If you wear contact lenses (which I do), how are the police going to know? Obviously if they stop a motorist who is wearing glasses then they may ask to see a second pair (assuming it is a requirement to carry them) but I can't believe they carry out an eye examination on those people not wearing glasses in order to find out if they are wearing contacts. So saying, I do carry a pair of glasses just in case.


----------



## 1302 (Apr 4, 2006)

Paul wears glasses, and he also has prescription sunglasses, as they are always with us whilst driving I hope this will suffice? 8


----------



## trevd01 (Oct 26, 2007)

As I said above, It is _recommended_ that a driver who wears glasses _should_ carry a spare pair with them *if this is noted on your driving licence.*

Anyone here have a UK driving licence that says 'wears glasses'?

No I didn't think so.

BUT. I wear glasses, and I always have a spare pair in my car, my wife's car, our campervan. Why? Because I couldn't possibly drive without them.

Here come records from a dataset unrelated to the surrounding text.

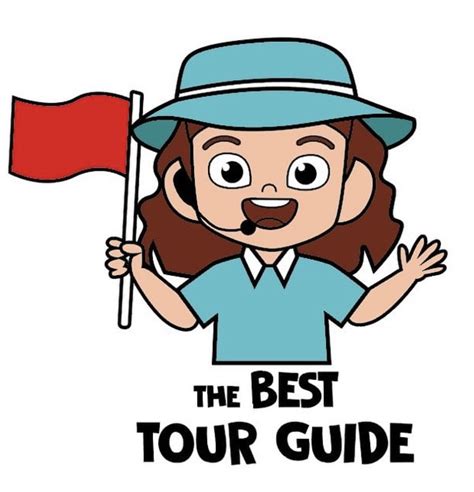 The Best Tour Guide | GetYourGuide Supplier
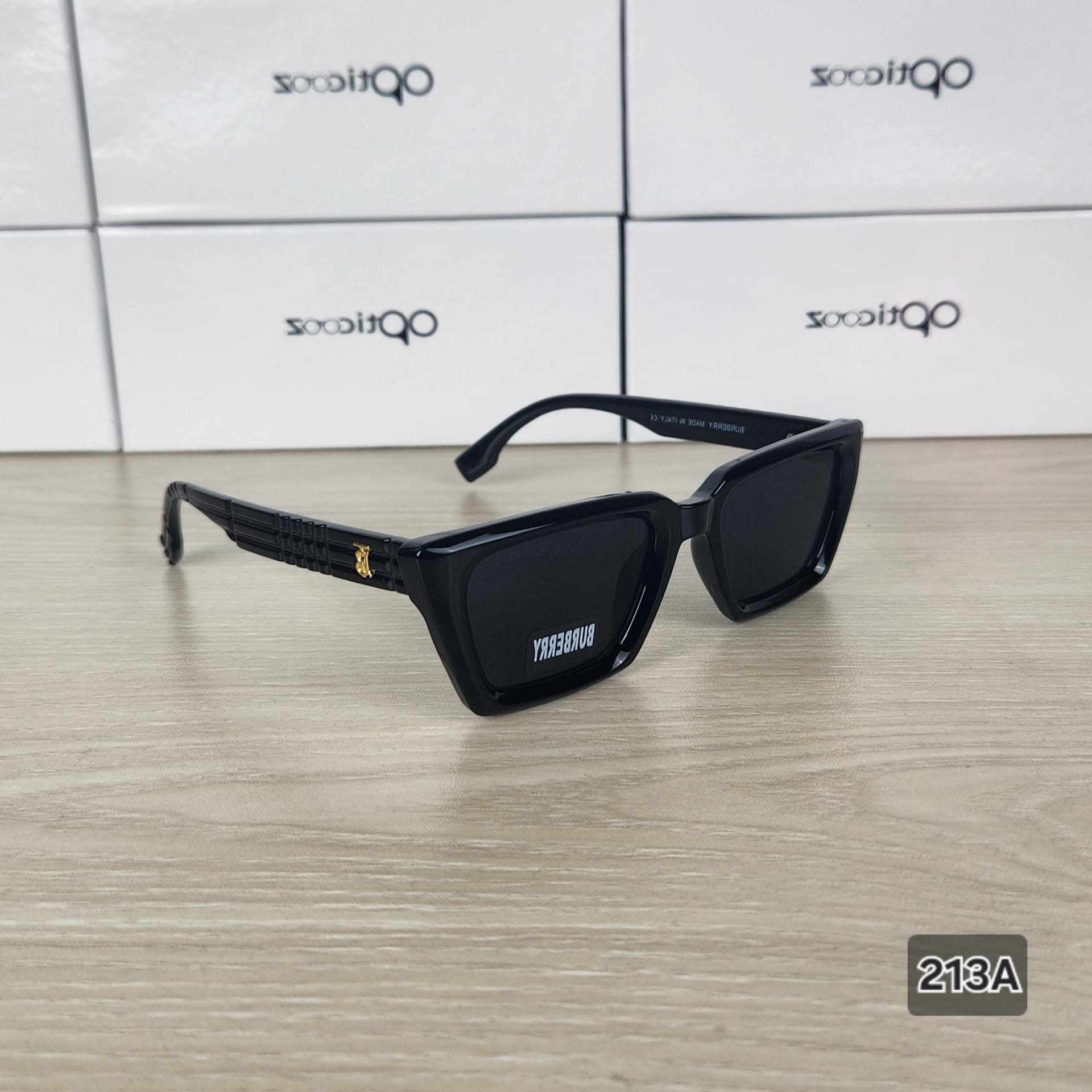 213A Premium Brand Sunglass
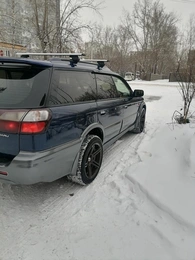 Универсал Subaru Legacy Lancaster 2000 года, 680000 рублей, Красноярск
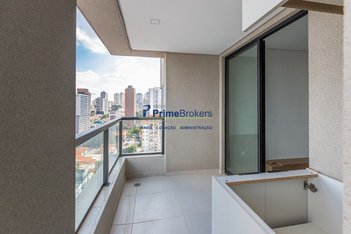 apartment em Rua Dona Leopoldina, Ipiranga - São Paulo - SP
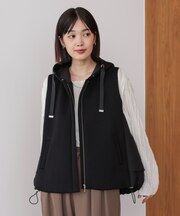 ダンボールドッキングベスト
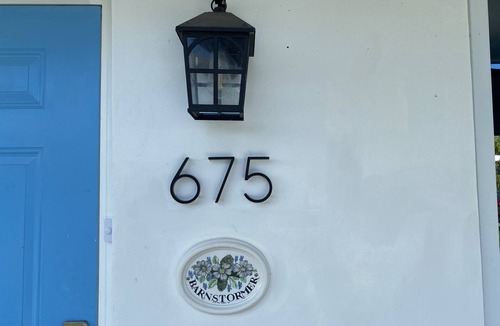 Treasure Cay Villa | Beach Villa 675 Steps to the pool and beach, 2 king bedrooms with private baths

I am lucky - My prescription has hardly changed for years and I have more pairs of old glasses than I know what to do with. I guess I buy a new pair every two years or so, and glasses going back 10-12 years correct my vision OK. More than adequate to read a number plate at xx yards, anyway.


----------



## pneumatician (May 1, 2005)

*Spare Specs*

As I understand most Western European countries say you should carry spare specs.

It does seem to me to be common sense and I have always carried spares both at home, abroad whether in car,van or on the motorbike.

But then if I bust my glasses I would be absolutely buggered.

Steve


----------



## eddied (May 9, 2005)

*Spare specs*

 Ciao tutti, if you have a licence in an EU country, to obtain it amongst other things your eyes are examined. Not just 'read a number plate at 25 yards'. If you cannot pass the eye test without glasses, this is noted on your licence. Therefore quite sensibly it is a legal requirement to carry a spare pair. This is so in most EU countries.
saluti,
eddied


----------